We either had a bumper crop of boxelder bugs last year or they’ve made an evolutionary leap in intelligence and become much more capable of getting inside my house. There are always a few boxelder bugs roaming the interiors of many Missouri houses and buildings over the winter, but I don’t ever remember seeing several per day every day.
Boxelder is a native Missouri tree in the maple family. During the growing season, boxelder bugs will feed on the leaves, flowers and fruits of boxelders and silver maples. Neither of those species are considered good landscaping trees, even if not for hosting this pesky insect. Boxelder trees are seldom planted; but they spread easily through the winged seeds produced by the female trees, so they are commonly found in home landscapes.
During the summer, boxelder bugs lay eggs in the crevices of tree bark. These hatch into red nymphs that mature into adults by late summer. We usually first notice the bugs after the first cool days of fall, when they congregate by the hundreds or thousands on the sunny sides of trees, homes and buildings. They soon begin to look for overwintering sites to avoid the coming cold. They can fly or crawl to crevices or cracks in houses and eventually, almost magically, find their way into the living quarters where bugs are usually not welcome. Not normally active during the winter, the insides of our heated structures are like spring break in south Florida to boxelder bugs. Unlike spring breakers, they actually do little, if any, damage to people, pets or homes but most folks do tire quickly of seeing them inside.

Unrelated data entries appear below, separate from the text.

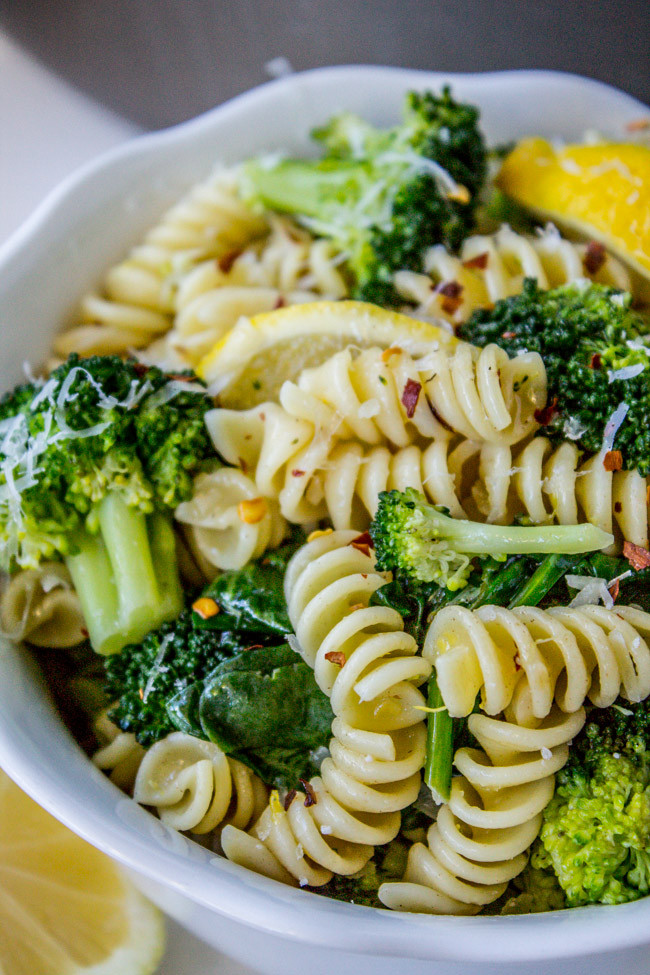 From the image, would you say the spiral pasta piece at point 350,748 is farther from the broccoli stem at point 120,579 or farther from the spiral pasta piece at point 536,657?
the broccoli stem at point 120,579

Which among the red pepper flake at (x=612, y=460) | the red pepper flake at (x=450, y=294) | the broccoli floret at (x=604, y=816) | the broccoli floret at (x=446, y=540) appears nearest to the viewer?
the broccoli floret at (x=604, y=816)

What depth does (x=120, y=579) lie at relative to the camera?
2.17 metres

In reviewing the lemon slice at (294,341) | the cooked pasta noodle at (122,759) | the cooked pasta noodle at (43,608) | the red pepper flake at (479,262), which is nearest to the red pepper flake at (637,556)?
the lemon slice at (294,341)

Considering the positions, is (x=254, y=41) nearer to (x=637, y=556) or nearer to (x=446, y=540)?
(x=446, y=540)

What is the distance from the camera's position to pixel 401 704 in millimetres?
1908

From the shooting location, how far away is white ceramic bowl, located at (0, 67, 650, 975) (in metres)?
1.59

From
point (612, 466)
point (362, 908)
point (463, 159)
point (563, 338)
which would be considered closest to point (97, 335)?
point (463, 159)

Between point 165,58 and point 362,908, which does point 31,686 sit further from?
point 165,58

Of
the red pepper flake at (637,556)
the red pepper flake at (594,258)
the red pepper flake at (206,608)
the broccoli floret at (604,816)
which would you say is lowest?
the broccoli floret at (604,816)

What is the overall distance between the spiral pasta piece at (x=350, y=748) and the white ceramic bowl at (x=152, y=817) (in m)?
0.11

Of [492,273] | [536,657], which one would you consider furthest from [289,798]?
[492,273]

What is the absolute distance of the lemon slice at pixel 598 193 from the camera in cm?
248

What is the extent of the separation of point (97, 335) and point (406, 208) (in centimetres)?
113

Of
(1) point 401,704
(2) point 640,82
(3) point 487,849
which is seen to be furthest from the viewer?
(2) point 640,82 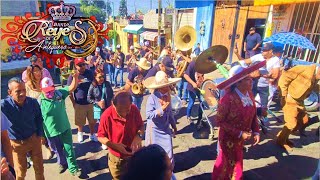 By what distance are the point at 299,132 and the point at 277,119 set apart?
0.78 metres

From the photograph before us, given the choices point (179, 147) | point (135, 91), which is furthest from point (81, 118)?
point (179, 147)

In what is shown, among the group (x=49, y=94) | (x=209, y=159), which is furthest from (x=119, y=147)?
(x=209, y=159)

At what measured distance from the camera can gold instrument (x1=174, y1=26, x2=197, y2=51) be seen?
7.84m

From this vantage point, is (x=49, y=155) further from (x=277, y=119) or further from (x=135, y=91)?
(x=277, y=119)

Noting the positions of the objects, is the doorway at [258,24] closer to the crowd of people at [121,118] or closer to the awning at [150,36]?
the crowd of people at [121,118]

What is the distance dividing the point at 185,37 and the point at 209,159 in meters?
4.63

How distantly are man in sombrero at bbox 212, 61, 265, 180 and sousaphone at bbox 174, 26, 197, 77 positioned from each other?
14.3ft

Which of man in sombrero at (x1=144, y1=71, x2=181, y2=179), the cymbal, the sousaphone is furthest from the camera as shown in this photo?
the sousaphone

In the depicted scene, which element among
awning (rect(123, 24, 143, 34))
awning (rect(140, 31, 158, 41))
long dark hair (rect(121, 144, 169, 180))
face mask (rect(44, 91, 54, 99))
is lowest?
awning (rect(140, 31, 158, 41))

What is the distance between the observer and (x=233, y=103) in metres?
3.16

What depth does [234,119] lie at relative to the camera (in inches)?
127

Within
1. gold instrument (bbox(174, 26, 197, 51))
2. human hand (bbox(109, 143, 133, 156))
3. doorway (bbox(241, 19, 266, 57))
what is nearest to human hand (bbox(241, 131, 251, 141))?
human hand (bbox(109, 143, 133, 156))

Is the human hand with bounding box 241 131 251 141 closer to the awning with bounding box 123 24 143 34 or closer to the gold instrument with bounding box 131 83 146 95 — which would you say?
the gold instrument with bounding box 131 83 146 95

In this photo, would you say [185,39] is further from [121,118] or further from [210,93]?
[121,118] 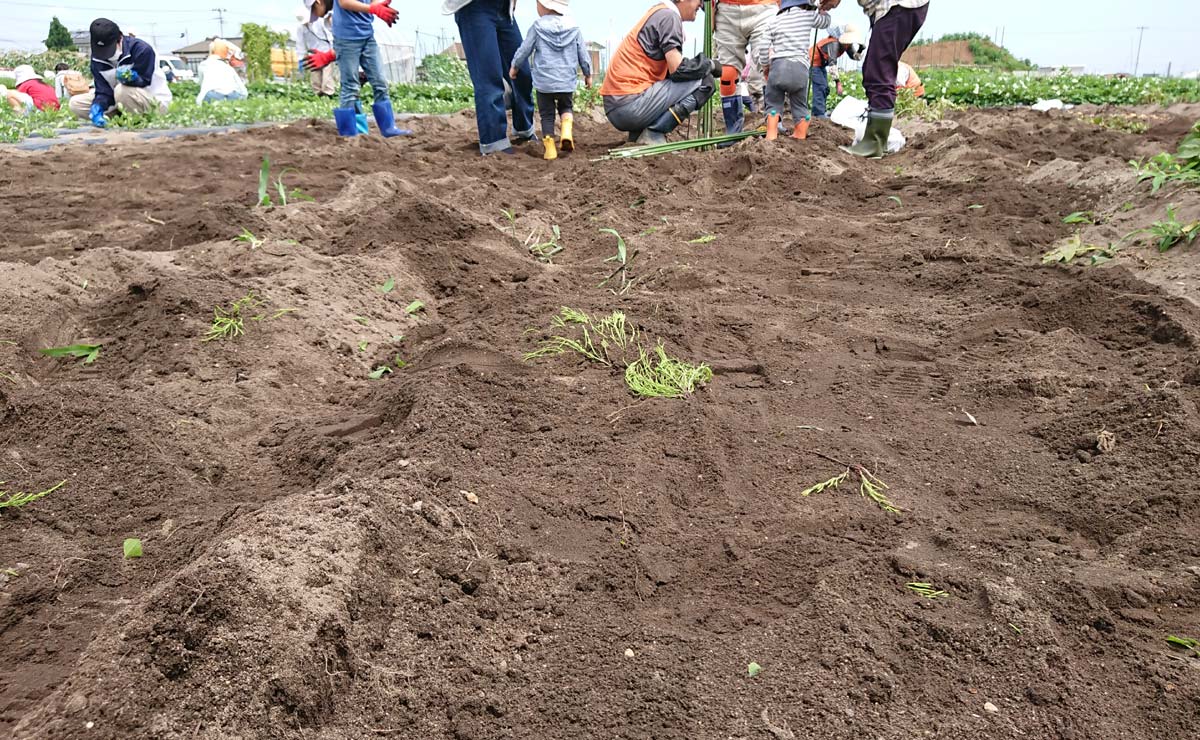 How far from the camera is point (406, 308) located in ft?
11.3

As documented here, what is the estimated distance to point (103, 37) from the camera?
990cm

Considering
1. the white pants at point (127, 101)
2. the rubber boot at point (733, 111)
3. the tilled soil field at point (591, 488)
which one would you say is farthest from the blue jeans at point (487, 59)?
the white pants at point (127, 101)

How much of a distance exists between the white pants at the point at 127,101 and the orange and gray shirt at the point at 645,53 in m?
7.25

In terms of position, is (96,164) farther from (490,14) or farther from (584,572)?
(584,572)

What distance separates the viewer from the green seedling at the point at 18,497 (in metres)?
2.06

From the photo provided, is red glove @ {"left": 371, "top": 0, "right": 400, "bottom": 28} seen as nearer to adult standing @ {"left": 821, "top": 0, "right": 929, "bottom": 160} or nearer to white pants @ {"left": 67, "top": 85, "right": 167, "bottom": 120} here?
adult standing @ {"left": 821, "top": 0, "right": 929, "bottom": 160}

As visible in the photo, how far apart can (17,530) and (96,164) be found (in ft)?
17.4

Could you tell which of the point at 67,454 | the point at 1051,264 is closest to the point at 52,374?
the point at 67,454

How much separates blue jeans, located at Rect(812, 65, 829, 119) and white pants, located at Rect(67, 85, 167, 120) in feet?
28.0

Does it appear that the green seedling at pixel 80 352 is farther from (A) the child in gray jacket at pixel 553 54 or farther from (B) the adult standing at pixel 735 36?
(B) the adult standing at pixel 735 36

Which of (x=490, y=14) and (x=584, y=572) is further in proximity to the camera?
(x=490, y=14)

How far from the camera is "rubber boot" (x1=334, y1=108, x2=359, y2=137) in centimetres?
774

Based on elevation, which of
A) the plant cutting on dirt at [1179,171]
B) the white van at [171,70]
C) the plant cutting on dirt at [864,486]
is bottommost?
the plant cutting on dirt at [864,486]

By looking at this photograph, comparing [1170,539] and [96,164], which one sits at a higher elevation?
[96,164] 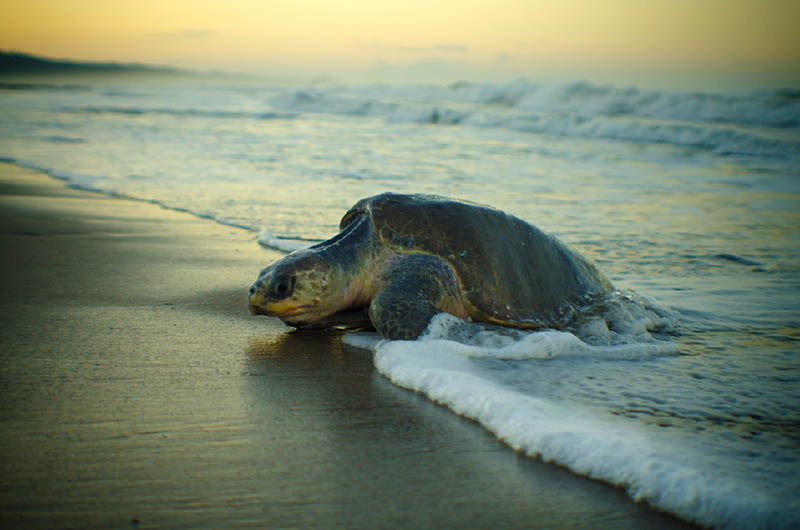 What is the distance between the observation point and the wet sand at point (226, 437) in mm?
1408

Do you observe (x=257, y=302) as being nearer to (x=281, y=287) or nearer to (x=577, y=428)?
(x=281, y=287)

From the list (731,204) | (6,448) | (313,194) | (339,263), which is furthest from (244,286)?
(731,204)

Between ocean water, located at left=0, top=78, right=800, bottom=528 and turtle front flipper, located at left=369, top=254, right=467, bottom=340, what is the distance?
0.07m

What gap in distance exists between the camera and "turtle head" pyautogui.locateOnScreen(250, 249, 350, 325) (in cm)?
270

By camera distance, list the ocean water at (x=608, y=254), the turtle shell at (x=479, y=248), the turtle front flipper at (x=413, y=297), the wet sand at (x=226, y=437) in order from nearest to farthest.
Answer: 1. the wet sand at (x=226, y=437)
2. the ocean water at (x=608, y=254)
3. the turtle front flipper at (x=413, y=297)
4. the turtle shell at (x=479, y=248)

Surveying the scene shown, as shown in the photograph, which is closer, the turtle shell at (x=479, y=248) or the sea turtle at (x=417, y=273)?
the sea turtle at (x=417, y=273)

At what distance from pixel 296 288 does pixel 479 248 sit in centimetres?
88

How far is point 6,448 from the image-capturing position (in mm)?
1615

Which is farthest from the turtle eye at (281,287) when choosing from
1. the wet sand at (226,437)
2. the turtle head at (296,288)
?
the wet sand at (226,437)

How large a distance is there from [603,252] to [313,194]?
3413 mm

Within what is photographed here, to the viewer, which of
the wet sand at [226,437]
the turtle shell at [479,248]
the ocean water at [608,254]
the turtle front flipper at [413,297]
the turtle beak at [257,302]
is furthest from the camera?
the turtle shell at [479,248]

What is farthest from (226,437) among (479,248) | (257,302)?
(479,248)

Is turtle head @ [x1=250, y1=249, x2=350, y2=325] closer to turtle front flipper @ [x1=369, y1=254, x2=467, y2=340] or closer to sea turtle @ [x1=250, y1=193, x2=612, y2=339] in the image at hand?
sea turtle @ [x1=250, y1=193, x2=612, y2=339]

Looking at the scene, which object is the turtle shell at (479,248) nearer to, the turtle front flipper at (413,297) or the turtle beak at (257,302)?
the turtle front flipper at (413,297) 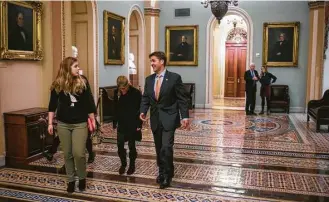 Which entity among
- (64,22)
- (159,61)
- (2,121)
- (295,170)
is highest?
(64,22)

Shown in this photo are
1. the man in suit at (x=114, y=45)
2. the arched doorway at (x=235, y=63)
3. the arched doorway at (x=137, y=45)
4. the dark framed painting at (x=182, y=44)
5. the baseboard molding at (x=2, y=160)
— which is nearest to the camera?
the baseboard molding at (x=2, y=160)

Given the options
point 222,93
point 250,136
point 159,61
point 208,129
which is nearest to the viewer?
point 159,61

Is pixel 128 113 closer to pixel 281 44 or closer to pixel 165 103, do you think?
pixel 165 103

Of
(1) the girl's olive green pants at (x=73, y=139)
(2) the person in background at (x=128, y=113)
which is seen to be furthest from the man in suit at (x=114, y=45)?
(1) the girl's olive green pants at (x=73, y=139)

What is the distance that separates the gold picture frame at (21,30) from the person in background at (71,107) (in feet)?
6.79

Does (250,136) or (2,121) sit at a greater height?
(2,121)

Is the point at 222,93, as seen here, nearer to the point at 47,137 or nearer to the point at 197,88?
the point at 197,88

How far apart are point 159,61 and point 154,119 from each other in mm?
715

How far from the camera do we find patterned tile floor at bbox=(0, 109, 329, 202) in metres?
4.16

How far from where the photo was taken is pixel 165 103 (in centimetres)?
421

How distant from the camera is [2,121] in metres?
5.55

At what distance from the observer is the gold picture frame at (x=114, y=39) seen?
9.87 m

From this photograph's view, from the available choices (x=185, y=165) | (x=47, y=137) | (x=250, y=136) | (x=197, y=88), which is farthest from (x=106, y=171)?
(x=197, y=88)

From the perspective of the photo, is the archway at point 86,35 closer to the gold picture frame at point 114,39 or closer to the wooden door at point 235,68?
the gold picture frame at point 114,39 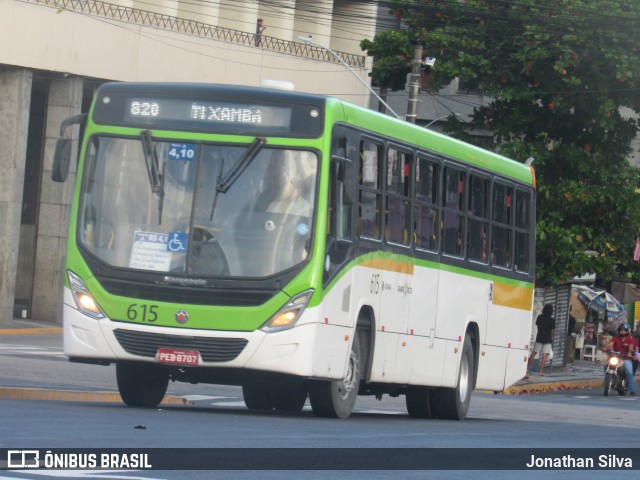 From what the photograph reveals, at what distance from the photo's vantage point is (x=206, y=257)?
14742 millimetres

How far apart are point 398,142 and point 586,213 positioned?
2101cm

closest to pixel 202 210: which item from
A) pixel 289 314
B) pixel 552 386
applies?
pixel 289 314

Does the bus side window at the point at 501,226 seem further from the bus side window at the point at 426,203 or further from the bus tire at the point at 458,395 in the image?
the bus side window at the point at 426,203

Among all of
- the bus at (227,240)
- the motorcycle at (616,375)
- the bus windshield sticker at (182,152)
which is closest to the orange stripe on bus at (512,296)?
the bus at (227,240)

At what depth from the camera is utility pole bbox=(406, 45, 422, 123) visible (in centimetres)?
3459

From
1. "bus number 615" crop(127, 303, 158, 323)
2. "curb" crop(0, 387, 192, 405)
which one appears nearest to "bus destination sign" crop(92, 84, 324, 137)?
"bus number 615" crop(127, 303, 158, 323)

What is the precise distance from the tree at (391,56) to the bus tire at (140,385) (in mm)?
23827

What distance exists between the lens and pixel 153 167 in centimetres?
1500

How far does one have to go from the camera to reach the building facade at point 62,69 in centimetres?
3859

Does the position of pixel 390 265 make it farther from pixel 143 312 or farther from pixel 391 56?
pixel 391 56

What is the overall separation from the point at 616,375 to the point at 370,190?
20686 millimetres

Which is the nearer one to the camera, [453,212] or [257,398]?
[453,212]

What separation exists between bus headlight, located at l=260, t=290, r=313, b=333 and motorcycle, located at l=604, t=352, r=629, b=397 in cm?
2180

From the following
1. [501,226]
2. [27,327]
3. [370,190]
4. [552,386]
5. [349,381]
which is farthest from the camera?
[27,327] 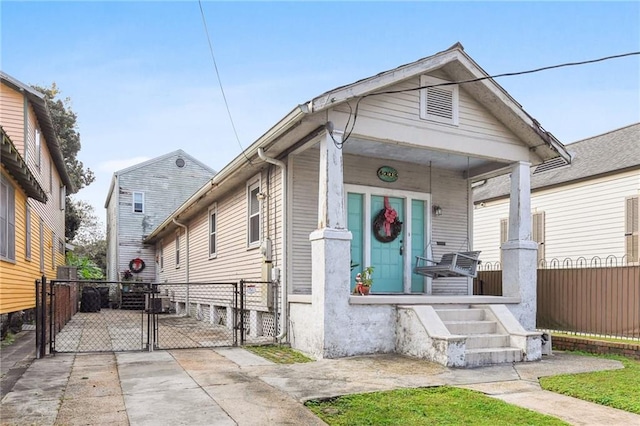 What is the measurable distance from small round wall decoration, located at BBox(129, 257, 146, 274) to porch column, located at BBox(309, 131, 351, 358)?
1940 cm

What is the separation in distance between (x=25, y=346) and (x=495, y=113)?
28.8 ft

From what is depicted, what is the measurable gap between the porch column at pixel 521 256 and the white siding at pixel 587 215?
5638mm

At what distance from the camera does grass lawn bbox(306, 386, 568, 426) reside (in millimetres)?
4066

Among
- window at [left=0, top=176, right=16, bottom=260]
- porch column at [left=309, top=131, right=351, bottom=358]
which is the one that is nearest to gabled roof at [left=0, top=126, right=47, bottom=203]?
window at [left=0, top=176, right=16, bottom=260]

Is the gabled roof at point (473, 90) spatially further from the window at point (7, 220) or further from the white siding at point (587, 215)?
the window at point (7, 220)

Potential solutions to box elder bugs include removal of boxelder trees from your property, especially the female, fruiting specimens. Sealing any cracks or crevices on your home that provide access to the inside may help. Once inside, hand-picking them is probably the most efficient means of removal. I’ve never had one bite me and I don’t think they are capable of biting, but someone reading this will contact me and say they’ve been bitten. Vacuuming is also an option but hardly worth the trouble if you only see them one at a time. For a good reference on other control options, see the University of Missouri Extension document.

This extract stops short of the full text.